1. Install Robust Security Software on Your Device
Security software (i.e., antivirus, antimalware, antispyware, firewall, etc.) is your first line of defense against scareware. It scans your device in real-time, detects, and removes many types of malware, including scareware. When you accidentally or intentionally try to visit a scareware-laden site, the good security software blocks these websites and downloads or shows you an alert notification.
2. Use Common Sense
Just because you see a pop-up window, email, or an ad banner telling you that your device is infected with viruses, you shouldn’t automatically believe it. Never download or install any unknown security software or call tech-support numbers believing such pop-ups even if you see signs of malware infection. Instead, download and scan your device with only with some reputed and trusted antivirus programs like Bitdefender
3. Close the Window and Quarantine Your Device
Don’t use the “X,” “cancel,” or “close” buttons to close the window. It might trigger automatic malware downloads. Instead, close your browser by pressing Ctrl-Alt-Delete. If you see a scareware window and can’t get rid of it, disconnect your device from Wi-Fi and all other connected IoT devices (like your printer, scanner, router, etc.). Then, open the device in safe mode and scan it with a trusted antivirus program. If that doesn’t work, you can turn your computer to a reliable tech-support center or professional in your area.

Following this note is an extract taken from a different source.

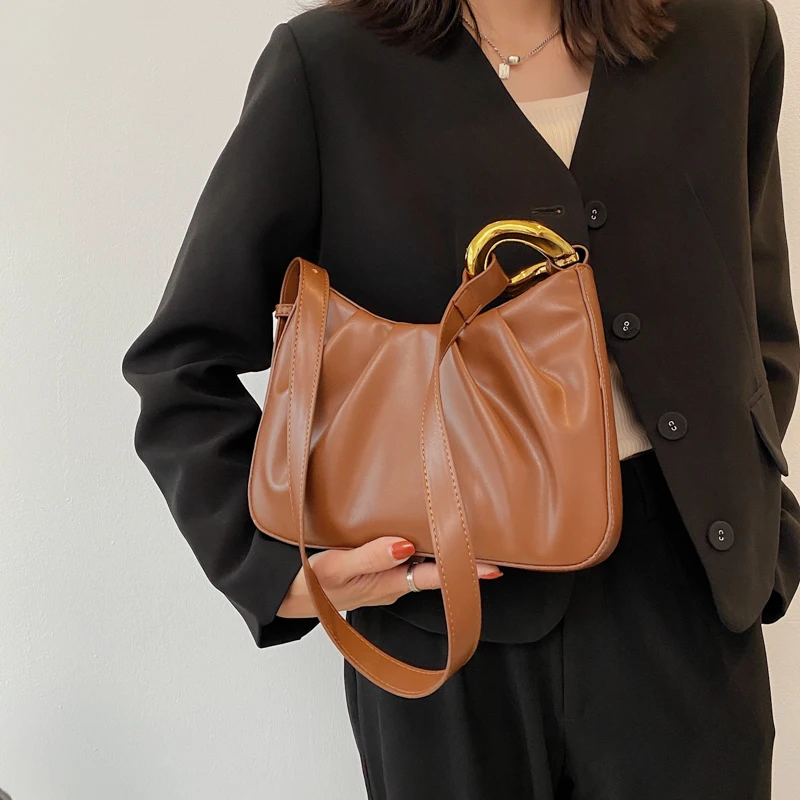 

Fashion Simple Crossbody Bags Ruched Women Shoulder Bag Luxury Soft Pu Leather Messenger Bag Baguettes Shape Small Purses 2021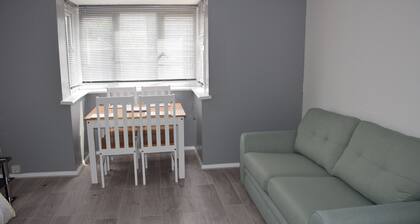 Nice 1 Bedroom Apartment, Sleeps 4, 3Beds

4. Wipe Your Device’s Memory
This should be your last option and is something you can employ if you have scareware on your device. Use it if the scareware infection is spread in a way that you can’t open any files, browser, or access anything, and the security program and tech support professional can’t solve the issue. By wiping out the device’s memory, you will lose all the saved data of your device and won’t be able to recover anything after that. But on the other side, you will be able to get rid of all the scareware traces and save your device.
Final Words on Scareware
Not everyone is tech-savvy and aware of various cyber threats. But after reading this article, you know what scareware is and that if you see a potential scareware notification, you shouldn’t panic or make a fear-based decision. The best defense against the scareware is to:
- Be vigilant,
- Not click on or otherwise engage with unsolicited messages or pop-ups, and to
- Use a strong antivirus/anti-malware solution.